HERERA: So, let`s begin tonight with the shutdown. Lawmakers from both parties met this afternoon, after reports over the weekend that budget negotiations have stalled. Remember, the deadline to fund parts of the government is this Friday. The sticking point remains border security. If the president doesn`t sign a deal into law by the deadline, parts of the government will shut down again.
Ylan Mui is covering the story for us from Capitol Hill.
Good to see you, Ylan. Where do things stand at this hour?
YLAN MUI, NIGHTLY BUSINESS REPORT CORRESPONDENT: Well, Sue, the negotiations have going on through the evening. As you mentioned, the top two Republicans and the top two Democrats on the shutdown committee did meet this afternoon to restart some of those discussions. Now, they came out of that meeting, at least the Democrats did, sounding fairly optimistic. Democrats have offered to pay more money for physical barriers in exchange for limiting the number of the detention beds use for immigration enforcement.
Republicans, however, have called that a poison pill and nonstarter in these negotiations. So, we will see if they`re able to break through this latest logjam.
GRIFFETH: So, what are the federal workers telling you right now? I mean, they`ve already been through what was once the longest shutdown in U.S. history?
MUI: Well, they`re certainly not very happy. What we heard today was workers saying that they want lawmakers to reach a deal. They want to make sure the federal government stays open however, it has to happen.

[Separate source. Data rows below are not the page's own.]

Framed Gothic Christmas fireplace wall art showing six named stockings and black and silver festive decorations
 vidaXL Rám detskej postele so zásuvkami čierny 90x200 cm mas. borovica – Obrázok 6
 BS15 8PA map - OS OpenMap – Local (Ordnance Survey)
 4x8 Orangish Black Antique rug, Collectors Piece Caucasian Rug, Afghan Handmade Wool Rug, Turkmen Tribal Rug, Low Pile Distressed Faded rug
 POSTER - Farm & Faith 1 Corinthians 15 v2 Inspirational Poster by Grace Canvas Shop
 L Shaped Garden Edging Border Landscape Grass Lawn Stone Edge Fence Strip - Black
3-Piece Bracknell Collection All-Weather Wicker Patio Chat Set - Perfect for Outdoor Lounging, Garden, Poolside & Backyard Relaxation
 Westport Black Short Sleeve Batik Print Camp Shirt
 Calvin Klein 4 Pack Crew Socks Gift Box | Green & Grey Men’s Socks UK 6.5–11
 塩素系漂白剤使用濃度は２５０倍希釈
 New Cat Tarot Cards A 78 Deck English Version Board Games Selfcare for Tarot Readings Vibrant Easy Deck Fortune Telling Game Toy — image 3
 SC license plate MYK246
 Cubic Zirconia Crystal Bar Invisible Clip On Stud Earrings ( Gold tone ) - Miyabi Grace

We saw workers fanning out across Capitol Hill today to take the message to lawmakers -- folks at Bureau of Prisons, folks who work for flight attendants union. They all had that same message. They`ve been through this once before. They don`t want to be here again.
HERERA: Understandably so. Ylan Mui on Capitol Hill -- Ylan, thank you.
GRIFFETH: Now to trade preparations, they are under way ahead of an important meeting later this week between high-level officials from the two world`s largest economies. Those meetings are taking place in Beijing and that`s where we find our Eunice Yoon tonight.
EUNICE YOON, NIGHTLY BUSINESS REPORT CORRESPONDENT: The trade talks are under way in Beijing. Deputy level officials have arrived and they`re setting the stage for some of the higher level discussions for the Trade Representative Bob Lighthizer and Treasury Secretary Steven Mnuchin. The talks last all week, and by the end of it, we should have a clearer idea if a deal is in the cards by March 1st.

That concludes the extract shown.